The inter-process communication is needed in the MPI routines of the package whenever boundaries of the distributed data matrix do not coincide with those of the Toeplitz block. The communication pattern is local in a sense that it involves only neighboring processes and is therefore expected to scale well with a number of MPI processes (and it indeed does in the regime in which the tests have been done.) It involves each process sending to and receiving from a neighboring process a vector of data of the length defined by the half-bandwidth of the Toeplitz block, $\lambda$ , shared between them.

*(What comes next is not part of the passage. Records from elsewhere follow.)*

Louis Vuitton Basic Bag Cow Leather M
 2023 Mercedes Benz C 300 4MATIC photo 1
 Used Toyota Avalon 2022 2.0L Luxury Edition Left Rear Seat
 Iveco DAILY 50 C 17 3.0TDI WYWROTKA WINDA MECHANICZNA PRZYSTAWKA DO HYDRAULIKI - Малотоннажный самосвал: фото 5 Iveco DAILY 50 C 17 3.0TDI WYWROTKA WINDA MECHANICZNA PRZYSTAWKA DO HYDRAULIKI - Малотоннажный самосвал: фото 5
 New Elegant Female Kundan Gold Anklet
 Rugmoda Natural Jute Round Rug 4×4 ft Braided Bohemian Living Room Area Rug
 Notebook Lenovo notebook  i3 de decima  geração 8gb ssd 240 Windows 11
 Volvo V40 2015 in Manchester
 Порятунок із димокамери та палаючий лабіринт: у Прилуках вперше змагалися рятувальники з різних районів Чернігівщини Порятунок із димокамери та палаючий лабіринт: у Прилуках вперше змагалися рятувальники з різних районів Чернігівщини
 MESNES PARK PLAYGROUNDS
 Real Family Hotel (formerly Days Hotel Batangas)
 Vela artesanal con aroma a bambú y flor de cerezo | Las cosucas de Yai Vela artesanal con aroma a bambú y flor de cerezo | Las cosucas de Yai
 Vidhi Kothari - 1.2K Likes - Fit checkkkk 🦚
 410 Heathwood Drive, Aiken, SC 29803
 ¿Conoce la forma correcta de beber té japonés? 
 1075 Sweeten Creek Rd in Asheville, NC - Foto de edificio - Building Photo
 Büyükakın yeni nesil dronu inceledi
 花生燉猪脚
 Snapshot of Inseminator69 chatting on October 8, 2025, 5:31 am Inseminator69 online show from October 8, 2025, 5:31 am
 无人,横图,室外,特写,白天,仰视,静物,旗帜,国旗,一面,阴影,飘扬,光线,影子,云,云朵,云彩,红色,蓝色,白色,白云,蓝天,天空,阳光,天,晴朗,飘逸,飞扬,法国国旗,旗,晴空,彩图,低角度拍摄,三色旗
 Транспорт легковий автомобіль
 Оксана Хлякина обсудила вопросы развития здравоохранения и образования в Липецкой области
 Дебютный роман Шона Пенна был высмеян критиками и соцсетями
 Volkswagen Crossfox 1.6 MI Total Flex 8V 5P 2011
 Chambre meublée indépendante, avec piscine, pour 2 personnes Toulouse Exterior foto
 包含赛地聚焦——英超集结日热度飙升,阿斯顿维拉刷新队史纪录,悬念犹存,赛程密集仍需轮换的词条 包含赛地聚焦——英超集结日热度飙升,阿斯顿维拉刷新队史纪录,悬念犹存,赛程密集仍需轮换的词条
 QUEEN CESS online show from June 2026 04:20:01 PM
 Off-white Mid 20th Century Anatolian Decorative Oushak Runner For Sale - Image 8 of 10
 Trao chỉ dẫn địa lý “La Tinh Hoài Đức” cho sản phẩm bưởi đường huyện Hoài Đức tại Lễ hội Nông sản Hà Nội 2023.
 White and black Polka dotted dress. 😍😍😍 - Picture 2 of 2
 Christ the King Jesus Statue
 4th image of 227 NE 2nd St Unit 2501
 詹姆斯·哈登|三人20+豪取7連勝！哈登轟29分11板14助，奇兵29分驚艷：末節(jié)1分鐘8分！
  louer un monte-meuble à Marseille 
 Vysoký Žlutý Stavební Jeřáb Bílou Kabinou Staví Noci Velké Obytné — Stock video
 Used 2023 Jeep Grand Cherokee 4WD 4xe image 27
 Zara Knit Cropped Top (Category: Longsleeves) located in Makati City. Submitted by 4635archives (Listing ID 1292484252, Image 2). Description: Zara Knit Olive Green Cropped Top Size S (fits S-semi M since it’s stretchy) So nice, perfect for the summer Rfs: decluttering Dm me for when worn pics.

This provides sufficient information to enable each process to compute a part of the Toeplitz-vector product corresponding to its input data on its own without any need for further data exchanges. In particular we note that all the FFT calls used by the package are either sequential or threaded.

The communication pattern as implemented is either non-blocking and then instituted with help of MPI_Isend and MPI_Irecv calls used twice to send to and receive from left and right, i.e.,

        // to the Left
        MPI_Irecv((LambdaIn + lambdaIn_offset), offsetn * m_rowwise, MPI_DOUBLE,
                  right, MPI_USER_TAG, comm, &requestLeft_r);
        MPI_Isend(LambdaOut, toSendLeft * m_rowwise, MPI_DOUBLE, left,
                  MPI_USER_TAG, comm, &requestLeft_s);
 
        // to the Right
        MPI_Irecv(LambdaIn, offset0 * m_rowwise, MPI_DOUBLE, left, MPI_USER_TAG,
                  comm, &requestRight_r);
        MPI_Isend((LambdaOut + lambdaOut_offset), toSendRight * m_rowwise,
                  MPI_DOUBLE, right, MPI_USER_TAG, comm, &requestRight_s);

what is followed by a series of respective MPI_Wait calls, i.e.,

        MPI_Wait(&requestLeft_r, &status);
        MPI_Wait(&requestLeft_s, &status);
        MPI_Wait(&requestRight_r, &status);
        MPI_Wait(&requestRight_s, &status);

or blocking implemented with help MPI_Sendrecv calls, i.e.,

        // to the Left
        MPI_Sendrecv(LambdaOut, toSendLeft * m_rowwise, MPI_DOUBLE, left,
                     MPI_USER_TAG, (LambdaIn + lambdaIn_offset),
                     offsetn * m_rowwise, MPI_DOUBLE, right, MPI_USER_TAG, comm,
                     &status);
 
        // to the Right
        MPI_Sendrecv((LambdaOut + lambdaOut_offset), toSendRight * m_rowwise,
                     MPI_DOUBLE, right, MPI_USER_TAG, LambdaIn,
                     offset0 * m_rowwise, MPI_DOUBLE, left, MPI_USER_TAG, comm,
                     &status);

The choice between the two is made with help of the global flag FLAG_BLOCKINGCOMM, which by default is set to 0 (non-blocking communication).